Huyse ziet daarbij minstens één zaak over het hoofd: ons land staat onder meer door de vergrijzing voor een gigantische financiële uitdaging wat de pensioenen en gezondheidskosten betreft. Zelfs als er morgen een meerderheid rond een communautair akkoord gevonden wordt, zijn we er nog lang niet. We moeten tegen 2012 zes miljard euro besparen, zoals eregouverneur Fons Verplaetse van de Nationale Bank onlangs in Knack voorrekende. Dat gaat dus niet over wat zakgeld.

Er zal niet alleen gediscussieerd moeten worden over de verhoging van de pensioenleeftijd, maar ook over de toekomst van ons federaal ambtenarenapparaat en onze sociale zekerheid.
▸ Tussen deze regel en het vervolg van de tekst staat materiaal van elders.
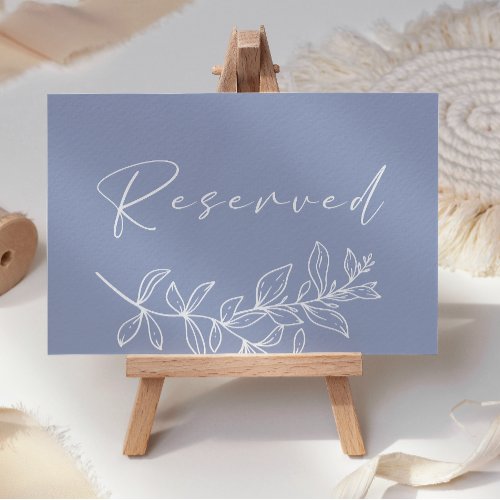 Periwinkle Flower Wedding Reserved Place Card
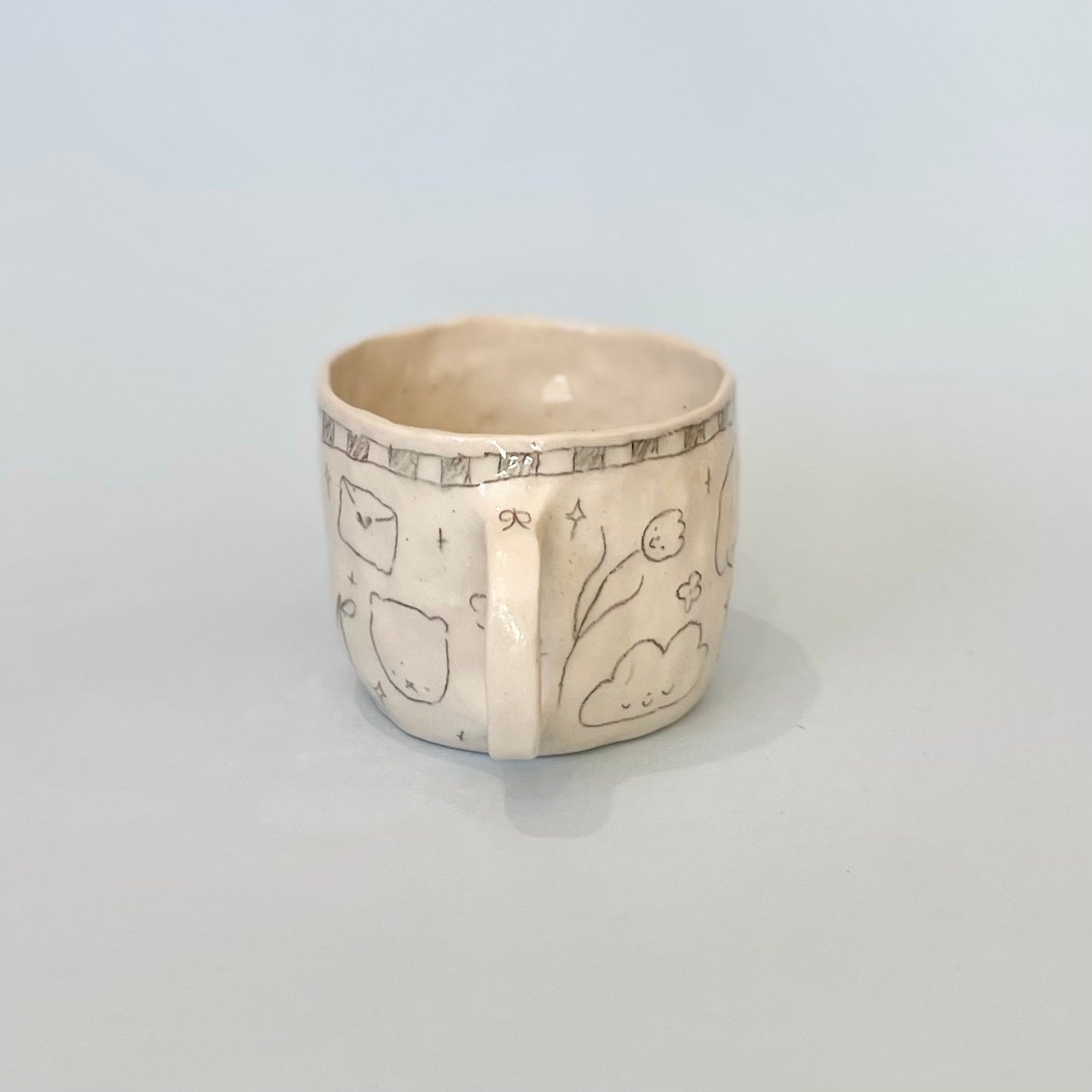 Black Checkerboard Scribble Mug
Een harde noot, want de sociaaleconomische programma’s van de twee grote verkiezingsoverwinnaars, de N-VA en PS, liggen net als hun communautaire standpunten mijlenver uit elkaar. Ondertussen hebben onze buurlanden over deze thema’s dus wel al belangrijke knopen doorgehakt.
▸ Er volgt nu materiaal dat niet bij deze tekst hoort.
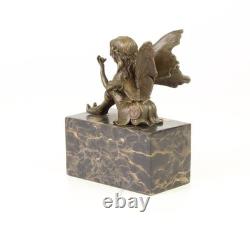 Bronze Elf Sculpture on a Black Marble Base after Milo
De opeenvolgende federale regeringen hebben het voorbije decennium, ondanks alle rapporten en waarschuwingen, weinig ernstigs ondernomen om ons land voor te bereiden op de grote financieel-economische uitdagingen waar we nu voor staan. Ondanks mooie woorden over bijvoorbeeld een Zilverfonds, werd er geen spaarpotje aangelegd. Integendeel. Dat maakt het uitblijven van een daadkrachtige federale regering zo erg. Het is dan ook werkelijk niet overdreven om te zeggen dat de huidige toestand dramatisch is. Een vliegtuig waarvan drie van de vier motoren werken, blijft misschien nog in de lucht. Maar wat als de vleugels dreigen af te breken omdat het vliegtuig jarenlang niet goed onderhouden is en de herstellingen met spuug en plakband zijn uitgevoerd?